Compute GCD and LCM of Two Integers

AIM

To write a Python program that computes the Greatest Common Divisor (GCD) and Least Common Multiple (LCM) of two integers.

ALGORITHM

1. Start
2. Input two integers num1 and num2
3. Initialize gcd = 1
4. Check if num1 is divisible by num2
5. If yes, then gcd = num2
6. Otherwise, iterate from num2//2 down to 2
7. Find the largest number that divides both num1 and num2
8. Calculate LCM using formula: LCM = (num1 × num2) / GCD
9. Display the GCD and LCM
10. Stop

PROGRAM

# Compute the greatest common divisor and least common multiple of two integers.

num1 = int(input("Enter First Number:"))
num2 = int(input("Enter Second Number:"))

gcd = 1

if num1 % num2 == 0:
    gcd = num2
else:
    for k in range(num2//2, 1, -1):
        if num1 % k == 0 and num2 % k == 0:
            gcd = k
            break

lcm = (num1 * num2) / gcd

print("GCD is:", gcd)
print("LCM is:", lcm)

OUTPUT

CONCLUSION

Thus, the given program was successfully executed and the output was verified as per the expected result.

VIVA QUESTIONS

1. What is the difference between GCD and LCM?

   GCD is the largest number that divides both numbers, while LCM is the smallest number that both numbers can divide. They are inversely related through the formula: GCD × LCM = num1 × num2.

2. Why do we start the loop from num2//2?

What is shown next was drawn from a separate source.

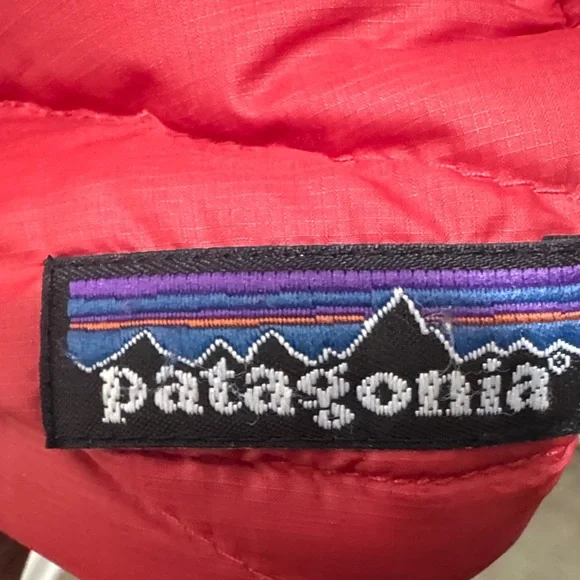 Patagonia Bright Red Down Vest - Picture 2 of 6
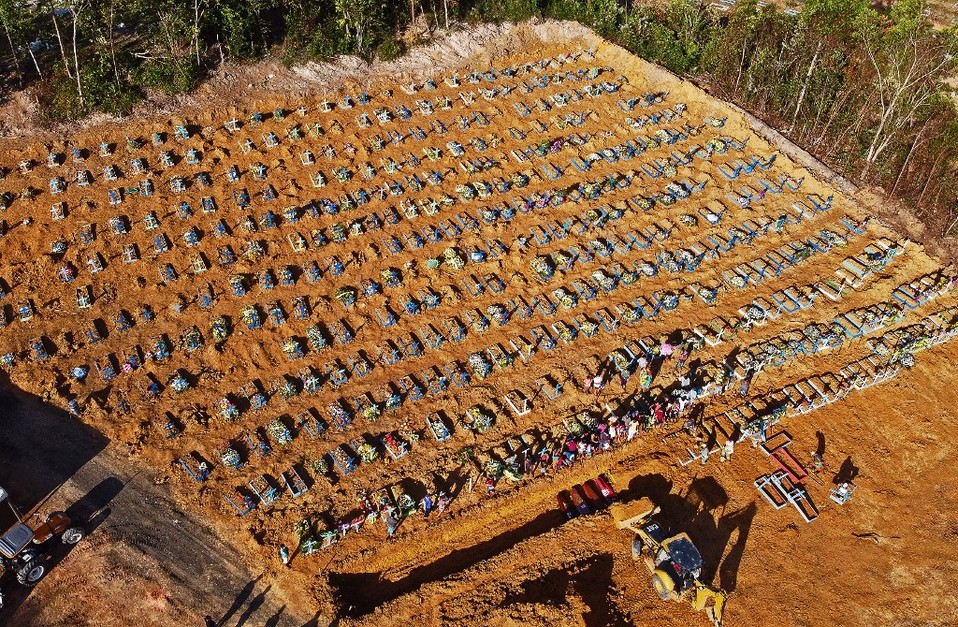 Manaos concentra cerca de la mitad de la población del estado de Amazonas, donde las distancias son continentales y las condiciones en la mayoría de l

   The largest possible common divisor (other than the number itself) cannot be greater than half of the smaller number. This optimization reduces the number of iterations.

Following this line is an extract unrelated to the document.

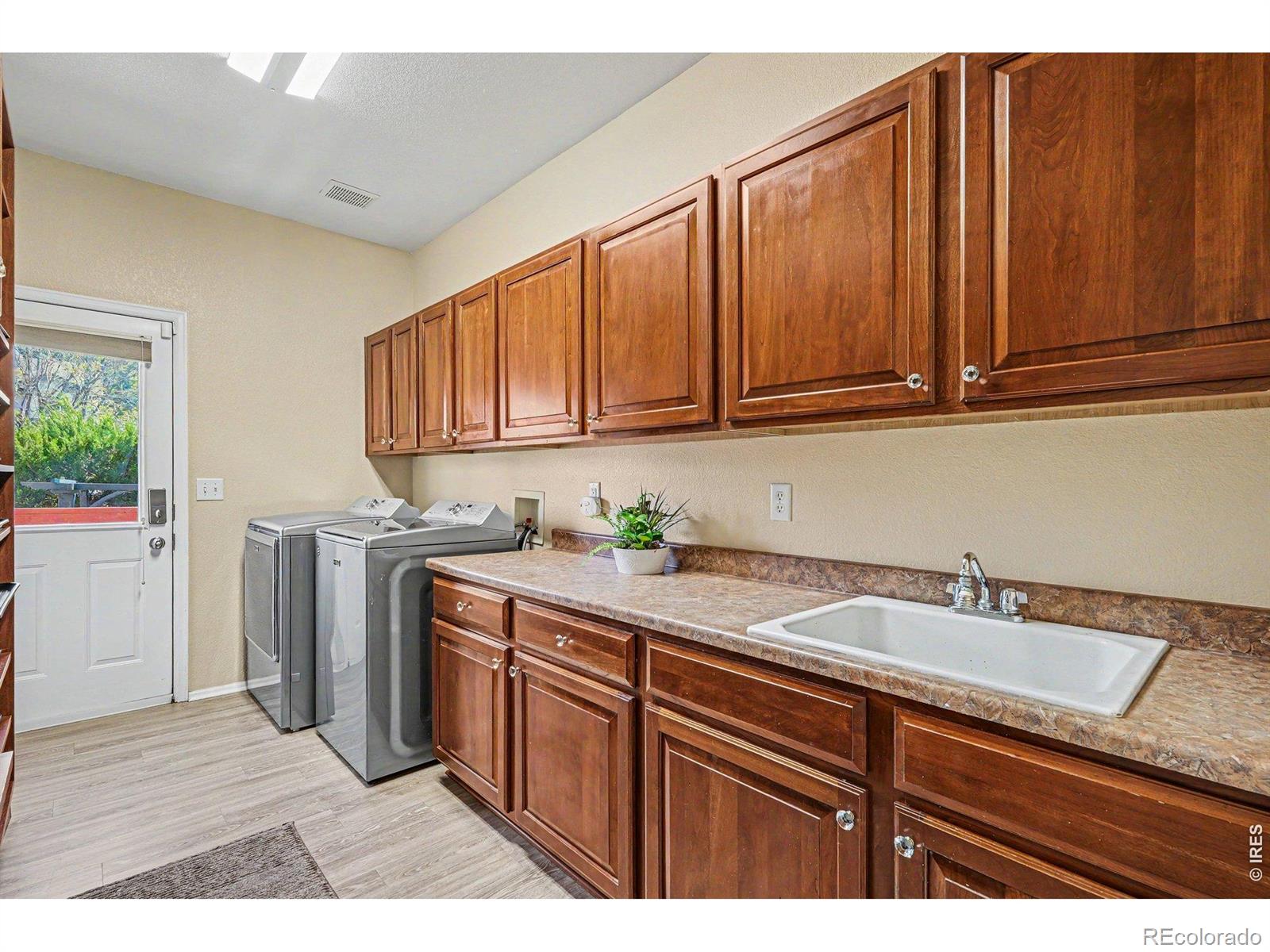 MLS Image #23 for 9690 s dover way,littleton, Colorado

3. What happens if we input two prime numbers?

   If both numbers are prime and different, their GCD will be 1 (they are coprime) and their LCM will be their product.

4. Can you explain the Euclidean algorithm for GCD?

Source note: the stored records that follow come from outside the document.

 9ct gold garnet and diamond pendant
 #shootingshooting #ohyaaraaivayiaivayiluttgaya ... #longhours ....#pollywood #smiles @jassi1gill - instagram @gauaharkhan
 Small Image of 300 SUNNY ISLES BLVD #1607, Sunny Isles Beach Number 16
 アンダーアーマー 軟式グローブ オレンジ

   The Euclidean algorithm uses repeated division: GCD(a,b) = GCD(b, a%b) until the remainder becomes 0. It's more efficient than our current approach.

5. What is the time complexity of this algorithm?

   The time complexity is O(min(num1, num2)) in the worst case, as we might iterate through half of the smaller number.

6. Why is LCM calculated as (num1 * num2) / gcd?

   This formula comes from the mathematical relationship that for any two numbers, their product equals the product of their GCD and LCM.

7. What would happen if one of the inputs is 0?

   If one number is 0, the GCD would be the other number (by convention), but LCM would be undefined or 0. The program should include input validation.

8. How can we modify this program to handle negative numbers?

   We can use the absolute values of the inputs since GCD and LCM are typically defined for positive integers: abs(num1) and abs(num2).